Halfback: The oft-injured Benny Malone, and that's it.
Defensive line: The only surviving Ramskin, Diron Talbert, is making an inspirational recovery from knee surgery. Should get better pass rush now that former Brown Turkey Jones is around to gobble up quarterbacks.
Linebacking: Brad Dusek on the left side, and after four years of wedge-busting on the special teams, Pete Wysocki is the new Hanburger. "I want to be a dancer, dazzling them with my footwork," he says.
Secondary: Three out of the four have made the trip before. No problems here.
Kick-punt: Mark Moseley and Mike Bragg. Has it ever been otherwise?
Rookie help: Hey, get serious.
In NEW YORK, Mara vs. Mara has been settled out of court, and now Giant co-owners Wellington and nephew Tim nod to each other. They might even smile at each other if the Giants somehow make the playoffs. Don't bet on either. But out of the Maras' bitter struggle last winter for front-office supremacy came an honest-to-good-ness, living and breathing general manager, George Young, who's greatly respected around the league, and Young's own choice for coach, young Ray Perkins, who helped put the razzle in San Diego's dazzling offense last year.

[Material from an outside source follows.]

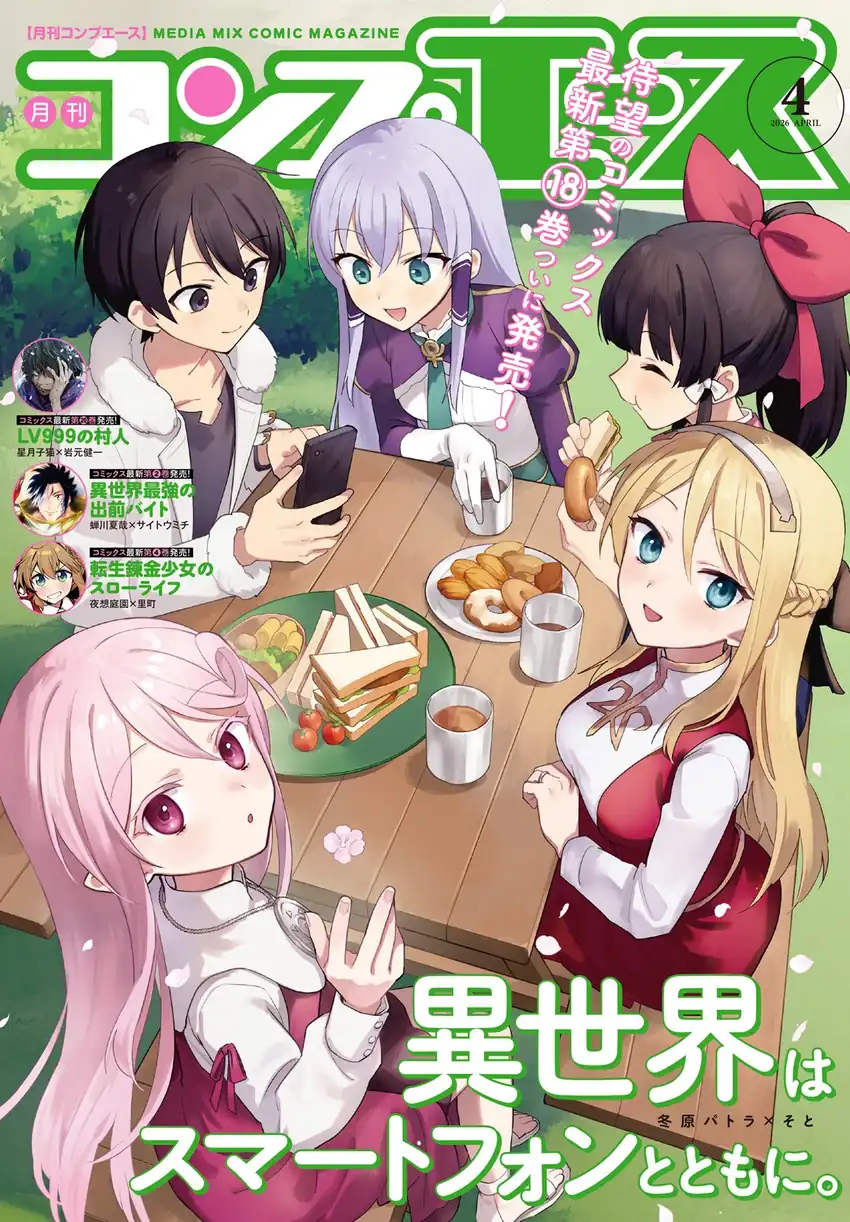 Manga Isekai wa Smartphone to Tomo ni. Chapter 111 gambar 2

Young and Perkins showed tremendous courage in the draft, where the Giants' record has been abysmal, by choosing Phil Simms, a no-name quarterback from Morehead State, as their first choice. The starter is still Joe Pisarcik, who will have a very sharp rookie to throw to in second-round pick Earnest Gray. The starting offensive line, with last year's top draftee, Gordon King, moving in for departed Left Tackle Gordon Gravelle, must stay healthy, because there are virtually no substitutes.
After years of carrying the offense, the Giant defense finally cracked in '78, when it was worst in the NFC in sacks and fourth worst in the NFL in stopping the rush. The secondary was never blue-chip, but it got by, and an exciting rookie named Terry Jackson gave the Giants some quality work at cornerback last season. The linebackers—Brad Van Pelt, Harry Carson and Brian Kelley—were never a problem. But the line didn't hang together after Troy Archer was lost for seven games with a broken foot. And this summer the team received a severe emotional blow when Archer was killed in a truck accident.
The answer to the defensive line problems could lie with rookie Phil Tabor, a nasty one from Oklahoma who was drafted in the fourth round, and veteran tackle Mike McCoy, acquired last week from Oakland.